It is a long-held belief amongst psychologists that there are six basic facial expressions: happy, angry, sad, surprised, fearful and disgusted. The roots of this trace back as far as the great thinkers including Aristotle and Darwin. They promoted the notion that people can only express a handful of emotions.

A cognitive scientist in the USA, Aleix Martinez, challenged this and, along with colleagues, he conducted a study into the emotions and compound emotions that 230 volunteers were able to produce based on scenarios given to them. The study defines compound emotions as “an important type of emotion categories . . . which are formed by combining two or more basic emotion categories, e.g., happily surprised, sadly fearful, and angrily disgusted.” (Du, Tao and Martinez, 2014: 7)

Using a computer program to analyse and break down the expressions by which facial muscles the participants used, he was able to identify 21 emotional states that we can express and read. Some of the newly defined emotions include those that seem contradictory in their descriptions – “happily disgusted” and “sadly angry” for example.

The computer software has 22 sample pictures that are used in the analysis. These are neutral and each of the six basic emotions and 15 compound emotions. See figure 1.

Figure 1: (Du, Tao and Martinez, 2014:2)

As a species, we generally form an opinion of people when we see them. This is true whether we view them in person or in a photograph. In a photograph, the viewer only has the visual clues to go on, no verbal clues are present. However, this may only be true of some cultures. The perception of emotion is specific to each culture and this will affect the viewer’s interpretation of displayed emotions in photographs. Because of this, it is imperative that the emotions and intention are expressed clearly in each photograph I create.

For example, in Japan “saving face” is a value that is inherent in the culture. As a rule, Japanese do not show emotion in the same way as we do in the UK. From a young age, children are taught not to show their emotions in their faces. They experience the same emotions as we do, but just do not show them.

So how do the Japanese express their emotions? The key elements are tone of voice and often subtle body language. They may also use particular words that may subtly reveal their emotion. Consequently, as a rule, this mean that the Japanese pay less attention to how emotions are portrayed in the face. Ultimately, this could impact how a Japanese viewer may interpret my images and I will consider this further in an additional post.

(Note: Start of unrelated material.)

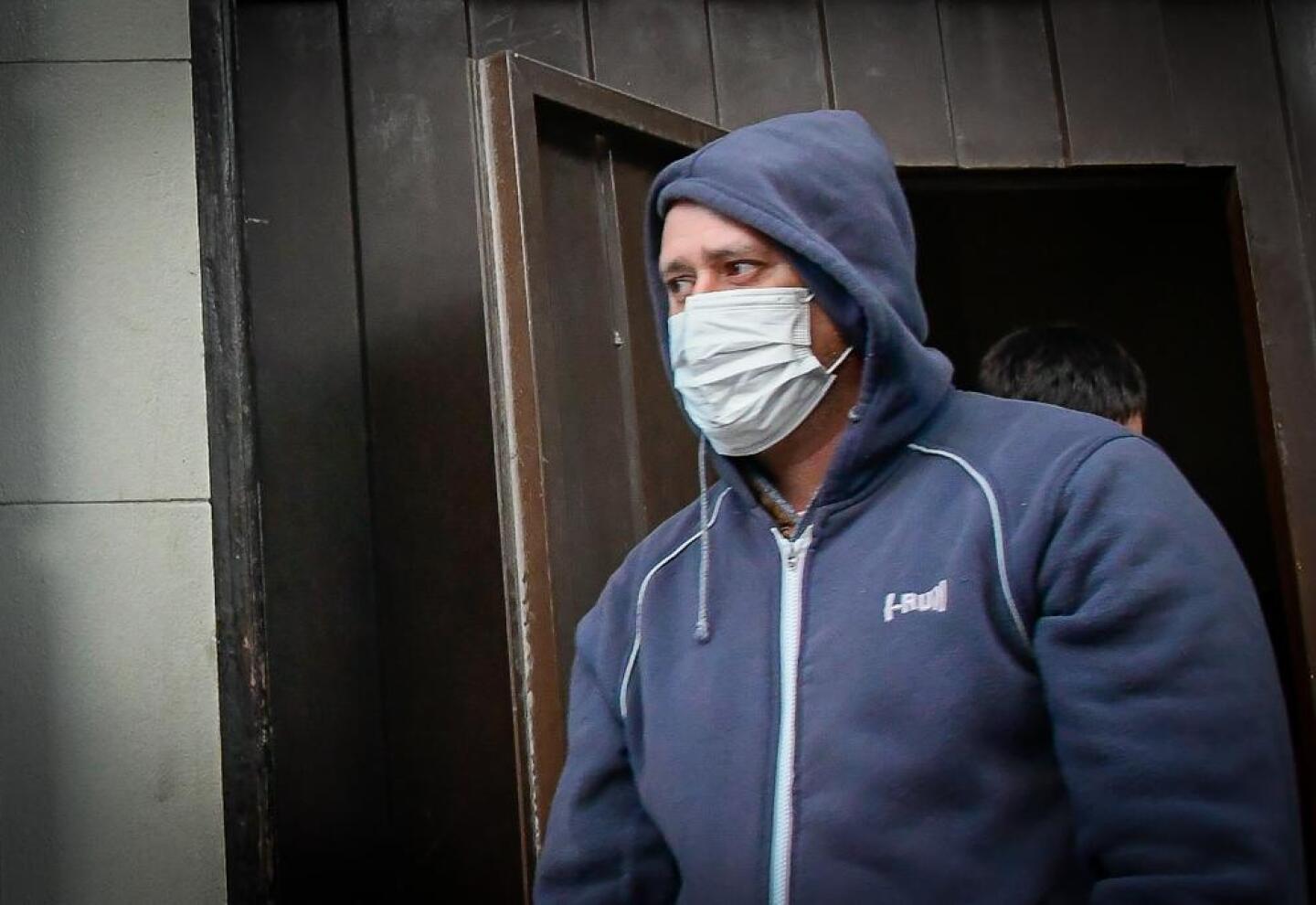 Carlos Taroco, ahora exdirector del ex Comcar, llegando a la audiencia de formalización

The significance of Martinez’s research for me is that when I plan a photoshoot where the model is portraying an emotion, it needs to be able to be read easily by the viewer. Knowing how the facial muscles move to produce each emotion helps me to direct the model to produce particular emotions.

In the UK, we are able to quickly interpret the emotions of other people. The study showed, with 230 volunteers, that not only are we able to make compound expressions consistently, but we are also able to read these emotions as well. The consistency enables the emotions in photographs to be interpreted in the same way by different viewers from the same culture.

It is almost impossible to create a portrait that has no emotion. Expressions and emotions add depth to photographs and should not be overlooked in the planning and execution stages.


Du, S., Tao, Y. and Martinez, A. (2014). Compound facial expressions of emotion. Proceedings of the National Academy of Sciences, 111(15), pp.E1454-E1462.


Figure 1: Du, S., Tao, Y. and Martinez, A. (2014). Compound facial expressions of emotion. Proceedings of the National Academy of Sciences, 111(15), pp.E1454-E1462.